May 31 (Bloomberg) -- State governments in the U.S. added to their collective debt burden in 2012 at the slowest pace in at least two decades, even with interest rates near historic lows, showing many were still coping with fiscal fallout from the recession that ended almost four years ago.
Total net tax-supported state debt rose 1.3 percent in 2012, compared with a 7 percent 10-year average, Moody’s Investors Service said yesterday in a report. The amount climbed to $516 billion from $510 billion in 2011, and the growth rate will increase slightly this year, the company said.
Even with yields in the $3.7 trillion municipal-bond market near the lowest in half a century, states aren’t adding debt as tax revenue recovers from the longest recession since the Depression and pension obligations rise. Many governments refinanced higher-cost bonds, as such sales made up 62 percent of municipal offerings last year, the most since 1993, according to Bank of America Merrill Lynch data.
“States have generally moved to a more conservative approach to debt” since the 18-month recession ended in June 2009, New York-based Moody’s said in the report. “Budgetary imbalances and expanding fixed-cost obligations have forced many states to raise revenues or severely cut services.”
“This state-level austerity spending has discouraged some states from adding new debt service to their budgets, and led to increased anti-debt sentiment,” Moody’s said.
New bond sales will remain low this year because of concern that federal fiscal policy and budget sequestration may slow the recovery and tax-receipt increases in some areas, Moody’s said. State revenue rose 4.1 percent last year, the company said.
In states such as Florida, where population growth slowed during the recession, borrowing programs to finance new schools and highways are done or almost completed and haven’t been renewed, according to the report. Collectively, state debt-service costs rose 3 percent last year, compared with an 8.6 percent 2011 gain, as yields fell to the lowest since 1965.
Connecticut has the highest net tax-supported debt per capita, at $5,185, according to the report. It was also first in 2011. Massachusetts, Hawaii and New Jersey are next highest, at $4,000 or more each, while Nebraska was the lowest, at $14.
Illinois, the U.S. state whose general-obligation debt is the lowest rated by Moody’s at A2, joined six others with “notable declines” in tax-supported debt last year, including Arizona, Florida and New York, the company said.

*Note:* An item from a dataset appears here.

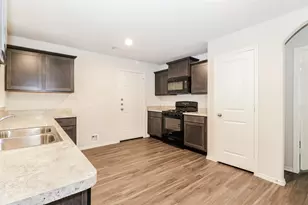 510 Woodhouse Wy, Everman, TX 76140 - Photo 2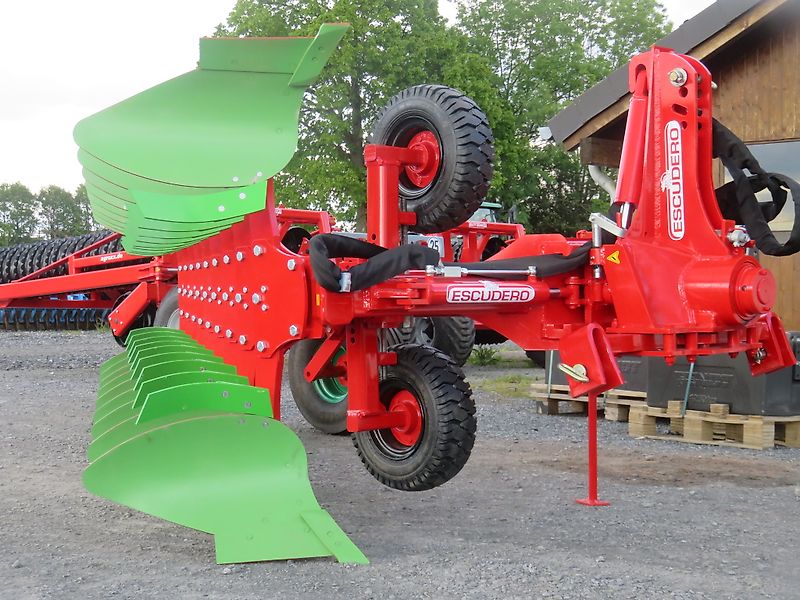 ESCUDERO agroXX -- CHRF--9 Schar - Ecologic Onland Dreh-Schälpflug--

The largest contributors to debt growth were California, Massachusetts, Virginia and Washington, according to the report. Virginia, with top-rated bonds, ranked 19th in debt per capita, at $1,315 last year, while A1 rated California was seventh at $2,565 and Aa1 graded Washington was sixth at $2,817.
Puerto Rico, with the lowest investment-grade ratings from both Moody’s and Standard & Poor’s, has per-capita debt of $14,053, according to the report. The island of 3.7 million residents, one-fifth the population of Florida, has more than twice the net tax-supported debt of the Sunshine State.
Only California and New York, with about $98 billion and $62 billion in such debt outstanding, respectively, owe more than Puerto Rico. The Caribbean commonwealth hasn’t sold any public debt this year.